### Records for processing ###
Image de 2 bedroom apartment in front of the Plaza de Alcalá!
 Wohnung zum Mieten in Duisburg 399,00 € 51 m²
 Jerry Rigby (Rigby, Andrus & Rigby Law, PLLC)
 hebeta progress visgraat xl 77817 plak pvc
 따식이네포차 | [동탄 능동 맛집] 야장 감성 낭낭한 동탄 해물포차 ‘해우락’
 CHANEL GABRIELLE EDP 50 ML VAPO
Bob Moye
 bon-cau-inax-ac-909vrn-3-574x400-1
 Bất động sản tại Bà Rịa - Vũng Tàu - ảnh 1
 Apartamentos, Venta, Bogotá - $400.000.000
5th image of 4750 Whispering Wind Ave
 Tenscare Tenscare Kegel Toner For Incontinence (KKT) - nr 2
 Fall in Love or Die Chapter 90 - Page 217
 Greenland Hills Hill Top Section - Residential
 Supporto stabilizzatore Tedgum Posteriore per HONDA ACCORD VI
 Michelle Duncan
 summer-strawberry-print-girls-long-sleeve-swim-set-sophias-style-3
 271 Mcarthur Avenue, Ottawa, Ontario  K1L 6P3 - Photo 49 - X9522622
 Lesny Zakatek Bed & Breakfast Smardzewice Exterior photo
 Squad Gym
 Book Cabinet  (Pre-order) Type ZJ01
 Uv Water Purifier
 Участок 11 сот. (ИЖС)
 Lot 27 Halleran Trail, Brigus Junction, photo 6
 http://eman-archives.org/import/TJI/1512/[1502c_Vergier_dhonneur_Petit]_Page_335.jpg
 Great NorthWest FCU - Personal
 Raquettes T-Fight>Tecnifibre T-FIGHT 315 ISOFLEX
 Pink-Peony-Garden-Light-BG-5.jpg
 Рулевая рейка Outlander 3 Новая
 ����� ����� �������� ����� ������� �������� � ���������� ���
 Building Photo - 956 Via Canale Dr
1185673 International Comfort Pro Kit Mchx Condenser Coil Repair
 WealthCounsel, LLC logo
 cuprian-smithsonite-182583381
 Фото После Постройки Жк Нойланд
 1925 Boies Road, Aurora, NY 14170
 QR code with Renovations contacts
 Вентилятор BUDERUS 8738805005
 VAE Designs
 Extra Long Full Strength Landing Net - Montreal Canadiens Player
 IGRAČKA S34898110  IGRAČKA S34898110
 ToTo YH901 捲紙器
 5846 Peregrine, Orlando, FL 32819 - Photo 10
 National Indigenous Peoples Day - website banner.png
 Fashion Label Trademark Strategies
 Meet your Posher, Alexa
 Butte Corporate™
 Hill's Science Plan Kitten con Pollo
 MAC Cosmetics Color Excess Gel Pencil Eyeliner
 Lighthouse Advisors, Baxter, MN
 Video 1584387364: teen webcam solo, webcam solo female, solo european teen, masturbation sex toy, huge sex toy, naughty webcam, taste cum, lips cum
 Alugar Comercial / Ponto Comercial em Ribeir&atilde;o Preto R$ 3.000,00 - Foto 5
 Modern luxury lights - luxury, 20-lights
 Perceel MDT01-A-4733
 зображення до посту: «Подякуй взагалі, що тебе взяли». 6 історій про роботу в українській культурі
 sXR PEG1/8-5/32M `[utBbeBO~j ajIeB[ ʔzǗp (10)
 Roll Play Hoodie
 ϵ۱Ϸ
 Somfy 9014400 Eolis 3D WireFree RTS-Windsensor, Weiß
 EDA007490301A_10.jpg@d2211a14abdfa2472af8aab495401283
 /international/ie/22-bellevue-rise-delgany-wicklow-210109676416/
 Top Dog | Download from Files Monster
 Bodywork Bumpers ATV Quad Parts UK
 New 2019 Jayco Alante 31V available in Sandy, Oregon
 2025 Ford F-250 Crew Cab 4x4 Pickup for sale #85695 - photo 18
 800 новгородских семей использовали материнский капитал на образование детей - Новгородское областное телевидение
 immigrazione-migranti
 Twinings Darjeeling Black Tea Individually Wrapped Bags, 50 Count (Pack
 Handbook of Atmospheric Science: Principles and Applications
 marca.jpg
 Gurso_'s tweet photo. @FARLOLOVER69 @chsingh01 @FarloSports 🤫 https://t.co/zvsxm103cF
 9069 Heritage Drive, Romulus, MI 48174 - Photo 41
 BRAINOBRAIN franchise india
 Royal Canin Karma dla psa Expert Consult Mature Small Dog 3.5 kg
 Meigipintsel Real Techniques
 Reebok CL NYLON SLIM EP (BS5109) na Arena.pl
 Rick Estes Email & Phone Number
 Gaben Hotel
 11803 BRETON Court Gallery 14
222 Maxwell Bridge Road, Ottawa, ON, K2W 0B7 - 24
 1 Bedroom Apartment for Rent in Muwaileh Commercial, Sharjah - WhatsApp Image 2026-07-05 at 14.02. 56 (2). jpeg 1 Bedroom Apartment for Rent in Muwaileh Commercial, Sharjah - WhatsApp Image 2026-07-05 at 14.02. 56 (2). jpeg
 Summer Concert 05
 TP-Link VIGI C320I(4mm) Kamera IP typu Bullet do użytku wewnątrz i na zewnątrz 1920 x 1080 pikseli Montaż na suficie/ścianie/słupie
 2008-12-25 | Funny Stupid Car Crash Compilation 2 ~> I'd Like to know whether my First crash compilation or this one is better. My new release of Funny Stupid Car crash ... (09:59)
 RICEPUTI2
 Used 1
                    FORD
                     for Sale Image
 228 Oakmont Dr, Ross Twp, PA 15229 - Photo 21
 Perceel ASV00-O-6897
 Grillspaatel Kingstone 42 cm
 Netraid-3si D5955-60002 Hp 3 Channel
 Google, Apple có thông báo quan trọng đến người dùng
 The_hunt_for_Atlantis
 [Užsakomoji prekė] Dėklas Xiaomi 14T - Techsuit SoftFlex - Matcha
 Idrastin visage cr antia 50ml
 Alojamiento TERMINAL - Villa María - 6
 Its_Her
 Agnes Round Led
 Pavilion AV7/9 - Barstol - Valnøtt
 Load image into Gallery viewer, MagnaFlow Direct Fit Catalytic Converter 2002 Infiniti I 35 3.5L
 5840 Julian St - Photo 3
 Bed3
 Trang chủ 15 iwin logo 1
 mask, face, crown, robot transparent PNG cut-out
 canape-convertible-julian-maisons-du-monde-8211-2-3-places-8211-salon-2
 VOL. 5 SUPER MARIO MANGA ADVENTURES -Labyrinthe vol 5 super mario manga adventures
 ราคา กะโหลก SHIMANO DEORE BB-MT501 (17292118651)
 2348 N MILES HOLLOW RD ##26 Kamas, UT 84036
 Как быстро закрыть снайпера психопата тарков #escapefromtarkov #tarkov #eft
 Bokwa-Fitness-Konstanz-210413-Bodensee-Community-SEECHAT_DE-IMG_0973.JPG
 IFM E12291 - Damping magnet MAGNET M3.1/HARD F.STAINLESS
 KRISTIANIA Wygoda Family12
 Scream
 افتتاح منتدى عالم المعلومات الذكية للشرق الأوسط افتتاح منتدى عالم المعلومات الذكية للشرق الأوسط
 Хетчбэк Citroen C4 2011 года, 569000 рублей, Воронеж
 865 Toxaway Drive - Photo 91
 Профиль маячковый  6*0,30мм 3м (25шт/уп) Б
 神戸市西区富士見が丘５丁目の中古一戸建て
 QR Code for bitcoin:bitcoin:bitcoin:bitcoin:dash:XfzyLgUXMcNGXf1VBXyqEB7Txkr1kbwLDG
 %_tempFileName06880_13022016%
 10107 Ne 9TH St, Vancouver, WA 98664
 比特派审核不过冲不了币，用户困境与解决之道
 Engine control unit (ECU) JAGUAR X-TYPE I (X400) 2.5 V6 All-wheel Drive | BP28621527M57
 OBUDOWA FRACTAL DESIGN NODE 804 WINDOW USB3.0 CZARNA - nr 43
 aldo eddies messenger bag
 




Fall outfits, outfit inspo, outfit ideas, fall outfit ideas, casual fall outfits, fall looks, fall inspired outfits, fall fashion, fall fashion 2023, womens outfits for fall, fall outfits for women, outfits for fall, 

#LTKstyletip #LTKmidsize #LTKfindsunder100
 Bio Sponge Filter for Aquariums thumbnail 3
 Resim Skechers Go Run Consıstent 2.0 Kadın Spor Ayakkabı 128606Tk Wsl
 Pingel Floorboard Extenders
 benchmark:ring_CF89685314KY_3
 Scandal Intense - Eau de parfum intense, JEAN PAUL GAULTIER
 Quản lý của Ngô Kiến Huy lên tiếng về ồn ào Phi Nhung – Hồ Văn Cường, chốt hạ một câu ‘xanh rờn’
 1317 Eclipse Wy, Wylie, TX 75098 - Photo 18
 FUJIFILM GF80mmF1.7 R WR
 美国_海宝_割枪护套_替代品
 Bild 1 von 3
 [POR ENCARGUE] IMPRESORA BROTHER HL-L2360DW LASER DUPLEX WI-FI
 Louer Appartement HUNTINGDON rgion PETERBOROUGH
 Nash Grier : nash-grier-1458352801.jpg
###
● **What you are asked to do**
Taking the entries above, write out exactly each line from the one holding "The_hunt_for_Atlantis" to the one holding "Load image into", both included, and stop there.

● **Answer to this task**
 The_hunt_for_Atlantis
 [Užsakomoji prekė] Dėklas Xiaomi 14T - Techsuit SoftFlex - Matcha
 Idrastin visage cr antia 50ml
 Alojamiento TERMINAL - Villa María - 6
 Its_Her
 Agnes Round Led
 Pavilion AV7/9 - Barstol - Valnøtt
 Load image into Gallery viewer, MagnaFlow Direct Fit Catalytic Converter 2002 Infiniti I 35 3.5L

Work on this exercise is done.